* [EXERCISE DIRECTIONS]:
Send back exactly the lines from the opening line of the records below through the one with "老哥被穿襠后破防了啊??".

* [Items from a dataset]:

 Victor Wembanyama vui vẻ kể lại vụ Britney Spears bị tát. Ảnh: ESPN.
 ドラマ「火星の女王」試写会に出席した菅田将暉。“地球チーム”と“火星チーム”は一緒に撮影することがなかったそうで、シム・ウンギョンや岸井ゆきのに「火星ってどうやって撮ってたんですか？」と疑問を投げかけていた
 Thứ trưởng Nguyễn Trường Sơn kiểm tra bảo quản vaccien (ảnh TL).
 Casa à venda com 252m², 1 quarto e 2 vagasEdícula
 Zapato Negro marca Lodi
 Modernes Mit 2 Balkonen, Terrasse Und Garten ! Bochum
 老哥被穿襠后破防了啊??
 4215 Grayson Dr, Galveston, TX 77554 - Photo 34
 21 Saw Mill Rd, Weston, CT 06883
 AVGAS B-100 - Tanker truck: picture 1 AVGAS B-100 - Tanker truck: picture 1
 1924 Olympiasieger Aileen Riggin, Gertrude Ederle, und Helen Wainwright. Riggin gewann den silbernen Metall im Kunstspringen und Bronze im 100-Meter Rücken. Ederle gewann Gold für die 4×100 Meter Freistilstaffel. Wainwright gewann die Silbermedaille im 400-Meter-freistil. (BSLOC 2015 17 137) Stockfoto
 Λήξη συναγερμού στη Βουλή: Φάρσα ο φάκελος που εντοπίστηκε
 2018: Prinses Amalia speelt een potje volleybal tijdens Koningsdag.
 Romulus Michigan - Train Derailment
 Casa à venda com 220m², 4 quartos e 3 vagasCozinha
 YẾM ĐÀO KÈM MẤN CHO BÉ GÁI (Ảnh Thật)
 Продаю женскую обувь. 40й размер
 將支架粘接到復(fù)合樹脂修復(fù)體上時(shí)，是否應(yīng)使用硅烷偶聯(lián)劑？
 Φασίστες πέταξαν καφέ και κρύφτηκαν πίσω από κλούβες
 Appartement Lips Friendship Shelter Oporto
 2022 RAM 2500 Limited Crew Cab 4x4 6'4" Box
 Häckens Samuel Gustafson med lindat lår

* [RESPONSE AREA]:
 Victor Wembanyama vui vẻ kể lại vụ Britney Spears bị tát. Ảnh: ESPN.
 ドラマ「火星の女王」試写会に出席した菅田将暉。“地球チーム”と“火星チーム”は一緒に撮影することがなかったそうで、シム・ウンギョンや岸井ゆきのに「火星ってどうやって撮ってたんですか？」と疑問を投げかけていた
 Thứ trưởng Nguyễn Trường Sơn kiểm tra bảo quản vaccien (ảnh TL).
 Casa à venda com 252m², 1 quarto e 2 vagasEdícula
 Zapato Negro marca Lodi
 Modernes Mit 2 Balkonen, Terrasse Und Garten ! Bochum
 老哥被穿襠后破防了啊??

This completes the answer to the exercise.